▼

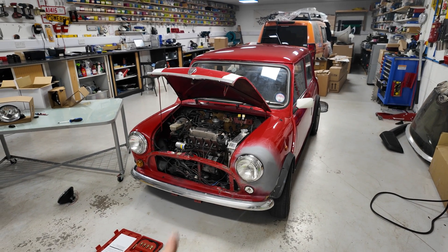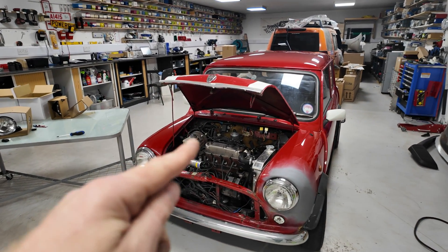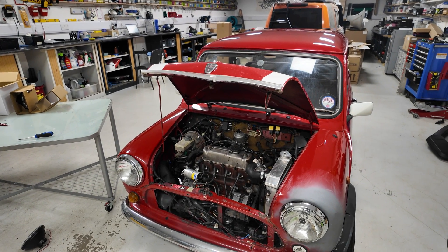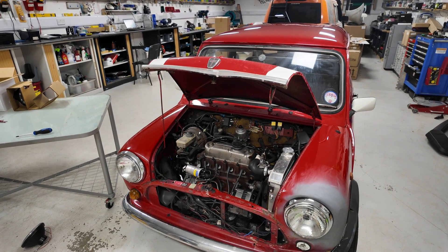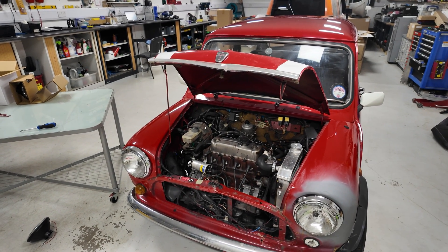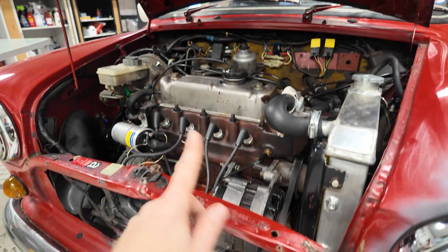We've got the project Mini in the workshop - it looks tiny - and we are going to do a compression test. We'll show you how to do a compression test on a Mini, but it'd be the same on a Morris Minor, MG Midget, and a lot of other cars. We're going to take out all four spark plugs in just a second.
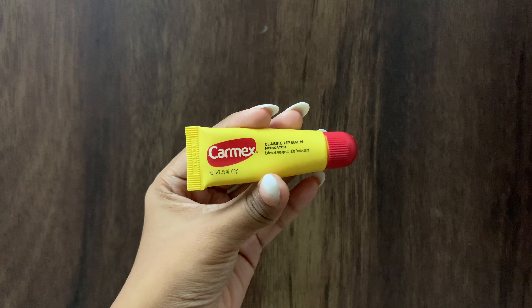After 15 to 20 minutes, you can remove the mask. For the last step, I'm going to use my favorite lip balm from Carmex to nourish my lips. And with that, we are done with the routine! That pretty much sums up my festive skincare glow-up routine — just look at how my skin is glowing!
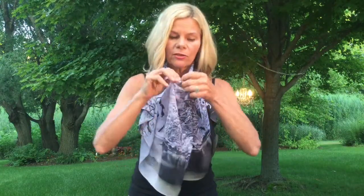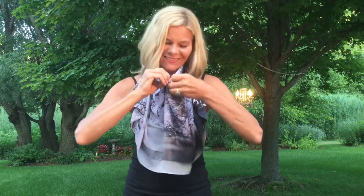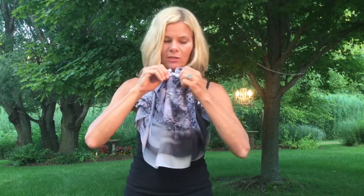Take the front of the scarf, get a good gathering of material — about seven or eight inches — to tie your second knot. Remember: two knots, two completely different looks. Pull it snug, and then pull that scarf over your shoulders.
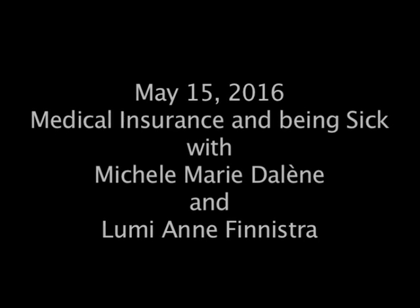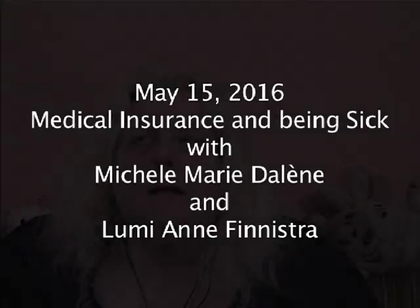Welcome to my world. Come on in. Hello everybody, it's Michelle Marie Tony. It's been the first time in a long time since we have done the Studio B-Cast. My throat is doing much better, though it still has some scar tissue on it.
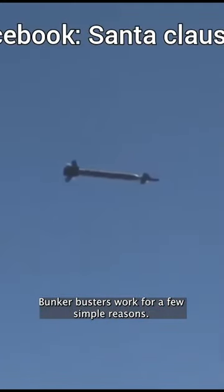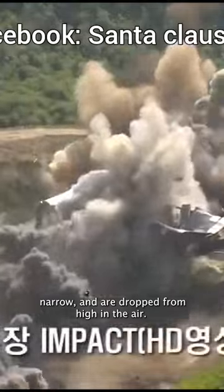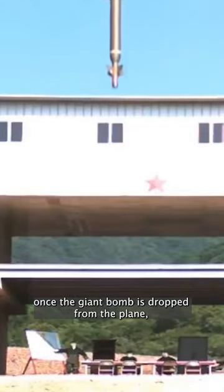Bunker Busters work for a few simple reasons. They are encased in a rigid tube, are extremely heavy, narrow, and dropped from high-altitude aircraft. Once the giant bomb drops from the plane,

▲

--- WHAT YOU WILL DO ---
Please restate the entries word for word. Skip the pictures.

--- RESPONSE TO THE EXERCISE ---
We've got the project Mini in the workshop - it looks tiny - and we are going to do a compression test. We'll show you how to do a compression test on a Mini, but it'd be the same on a Morris Minor, MG Midget, and a lot of other cars. We're going to take out all four spark plugs in just a second.
After 15 to 20 minutes, you can remove the mask. For the last step, I'm going to use my favorite lip balm from Carmex to nourish my lips. And with that, we are done with the routine! That pretty much sums up my festive skincare glow-up routine — just look at how my skin is glowing!
Take the front of the scarf, get a good gathering of material — about seven or eight inches — to tie your second knot. Remember: two knots, two completely different looks. Pull it snug, and then pull that scarf over your shoulders.
Welcome to my world. Come on in. Hello everybody, it's Michelle Marie Tony. It's been the first time in a long time since we have done the Studio B-Cast. My throat is doing much better, though it still has some scar tissue on it.
Bunker Busters work for a few simple reasons. They are encased in a rigid tube, are extremely heavy, narrow, and dropped from high-altitude aircraft. Once the giant bomb drops from the plane,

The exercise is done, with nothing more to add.